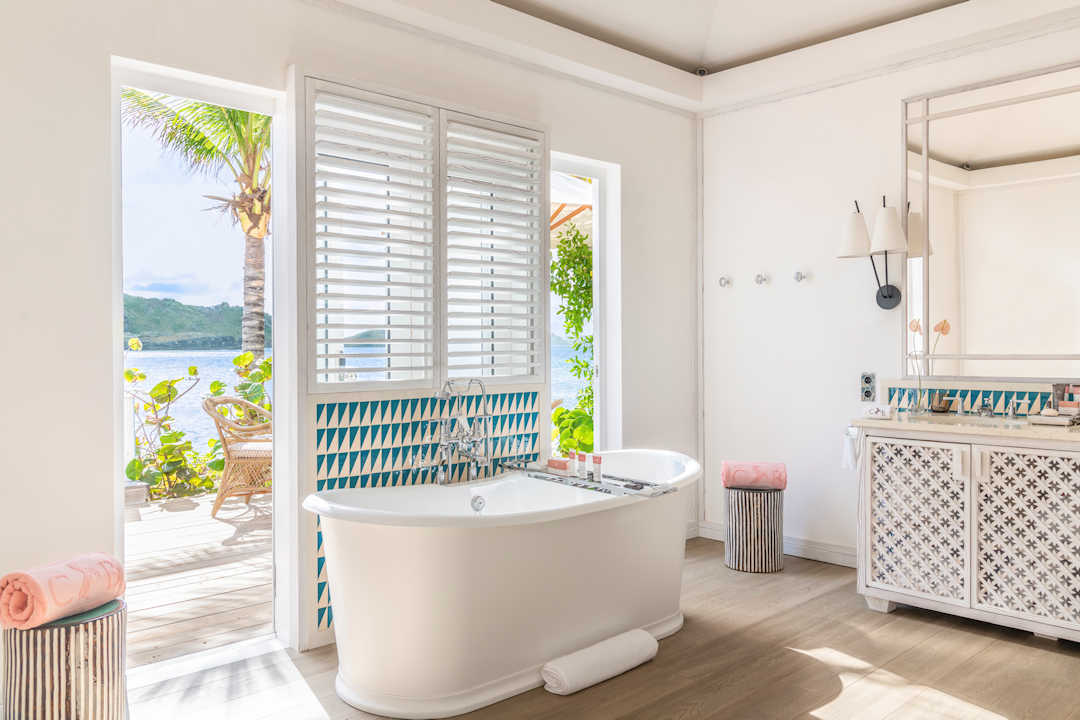 Cheval Blanc St-Barth *****+, St. Barths Cheval Blanc St-Barth *****+, St. Barths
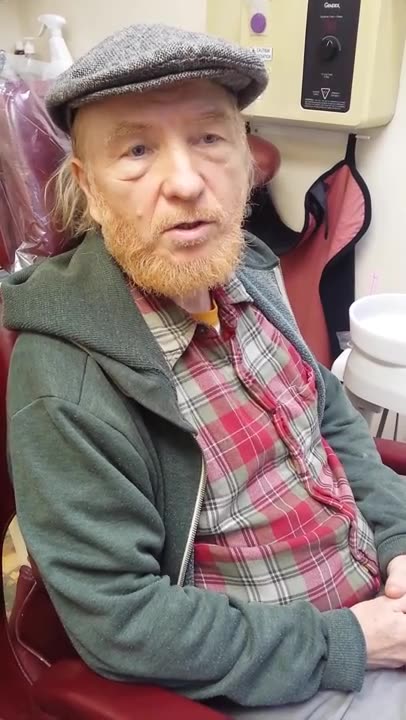 Holistic Dentistry Testimonial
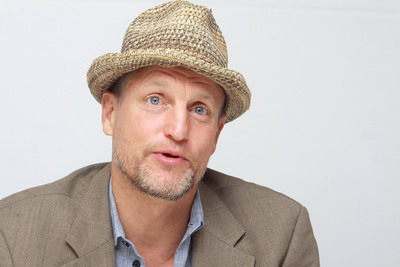 Woody Harrelson Mouse Pad G686736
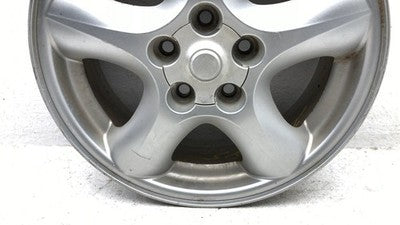 2003-2007 Ford Taurus 16 Aluminum Wheel Oem Factory Rim Oem 5 Spoke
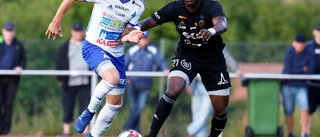 Highlights: IFK Luleå - Skellefteå FF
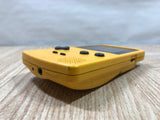 GameBoy Color Yellow Console Nintendo Japan - With Defects LG9259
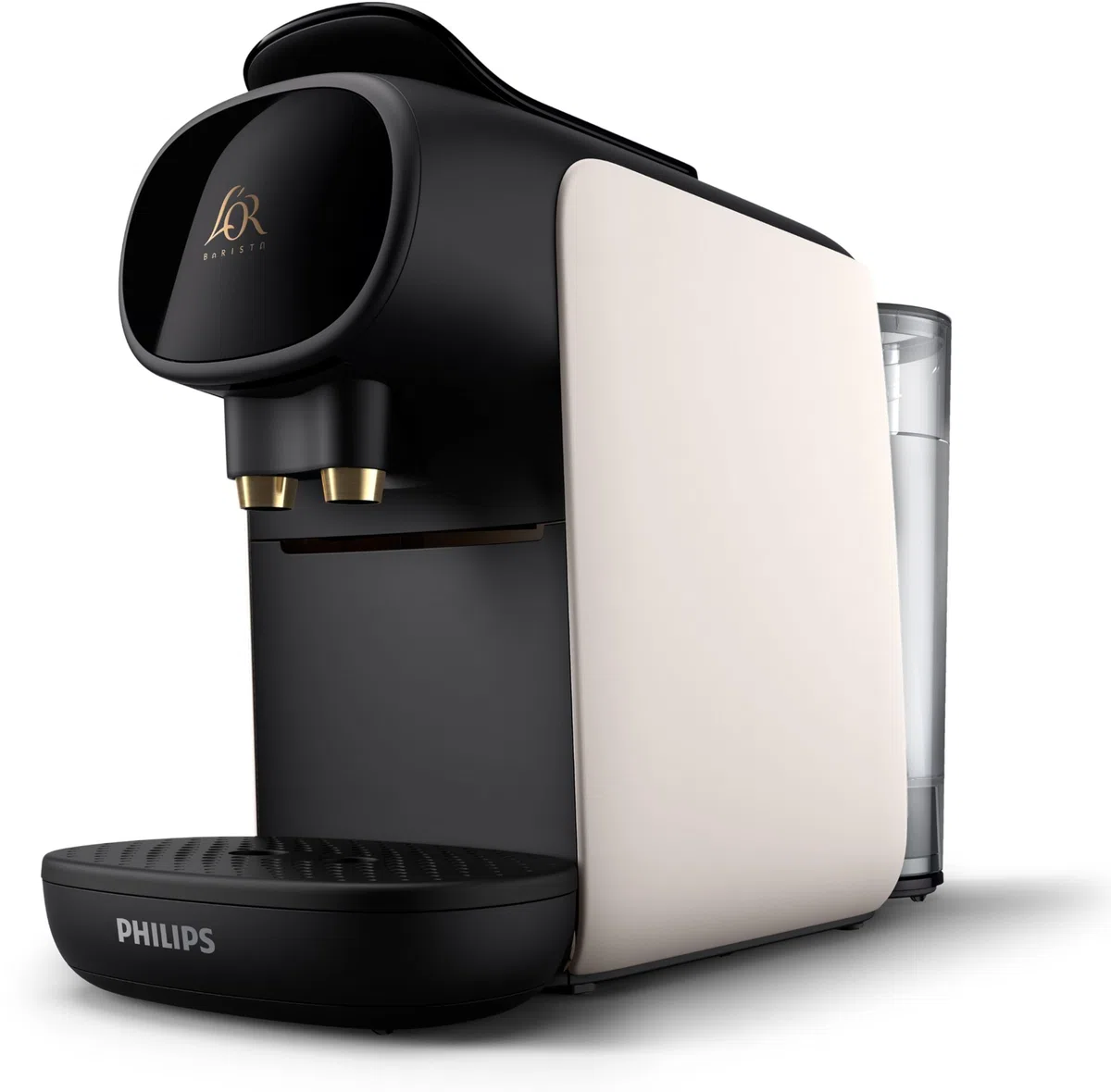Philips L'OR Barista LM9012 - Machine à café - 19 bar - noir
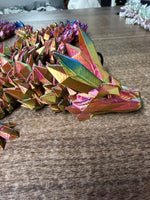 Bargain Bin - Dragons - Flexi 3D Printed Articulated Fantasy Figurine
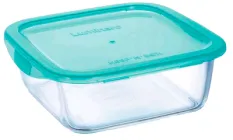 Харчовий контейнер Luminarc Keep'n'Box Lagoon 1.22 л (P5520)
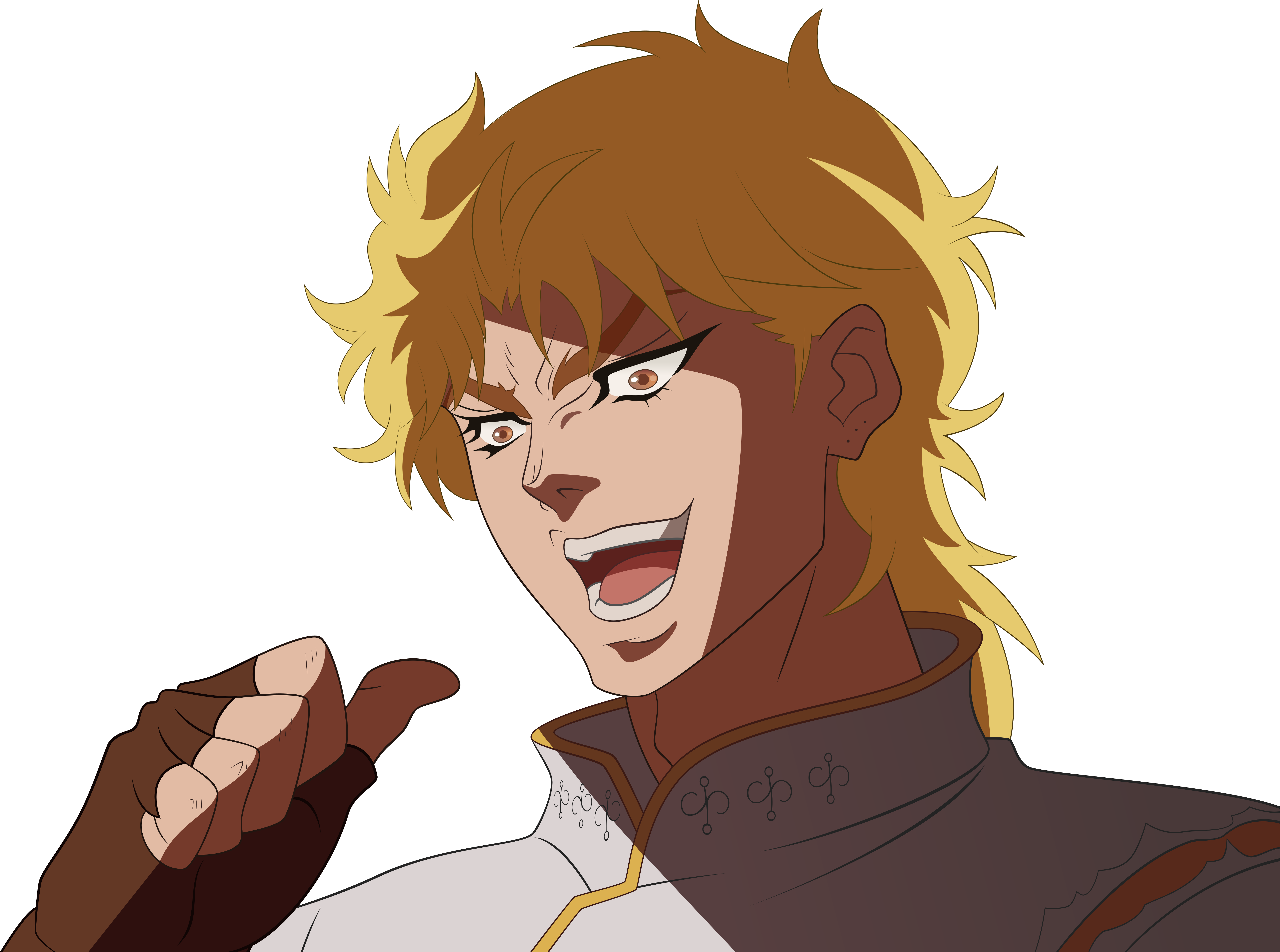 Load 68 More Imagesgrid View - Me Dio (6722x5000), Png Download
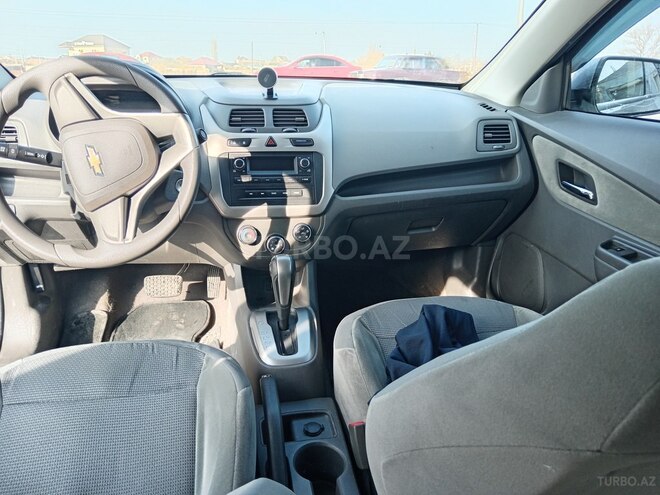 Chevrolet Cobalt 2023, 75,000 km - 1.5 л - Bakı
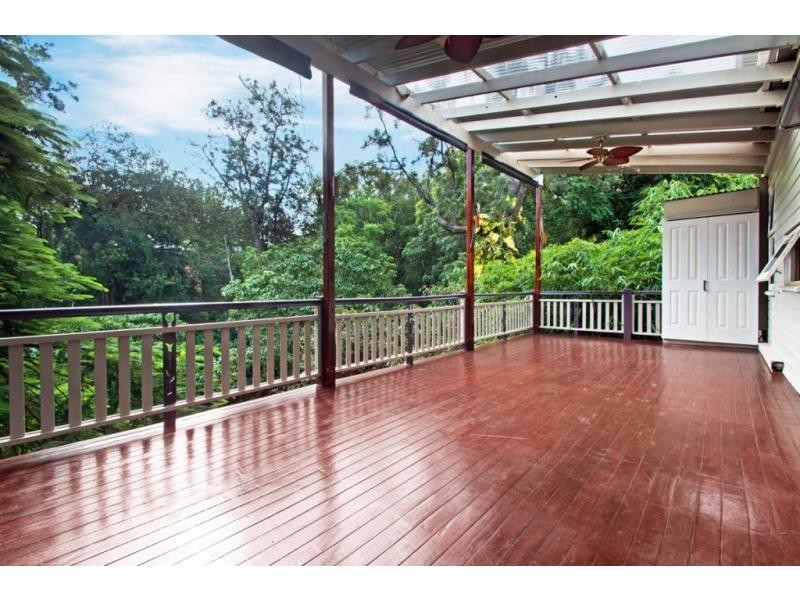 21 Chester Street, Highgate Hill QLD 4101
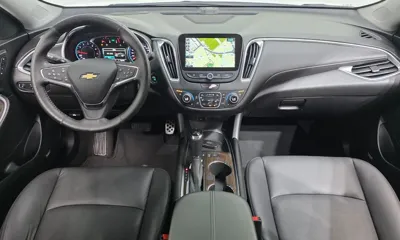 ChevroletGMDaewoo Malibu 2017, 185880 км, за 4234.53 USD - фото 7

### Exercise prompt
Exact repetition is required for the lines from the first one in the listing through the one that holds "Bargain Bin - Dragons", and pictures are to be omitted.

### Problem solution
 Cheval Blanc St-Barth *****+, St. Barths Cheval Blanc St-Barth *****+, St. Barths
 Holistic Dentistry Testimonial
 Woody Harrelson Mouse Pad G686736
 2003-2007 Ford Taurus 16 Aluminum Wheel Oem Factory Rim Oem 5 Spoke
 Highlights: IFK Luleå - Skellefteå FF
 GameBoy Color Yellow Console Nintendo Japan - With Defects LG9259
Philips L'OR Barista LM9012 - Machine à café - 19 bar - noir
 Bargain Bin - Dragons - Flexi 3D Printed Articulated Fantasy Figurine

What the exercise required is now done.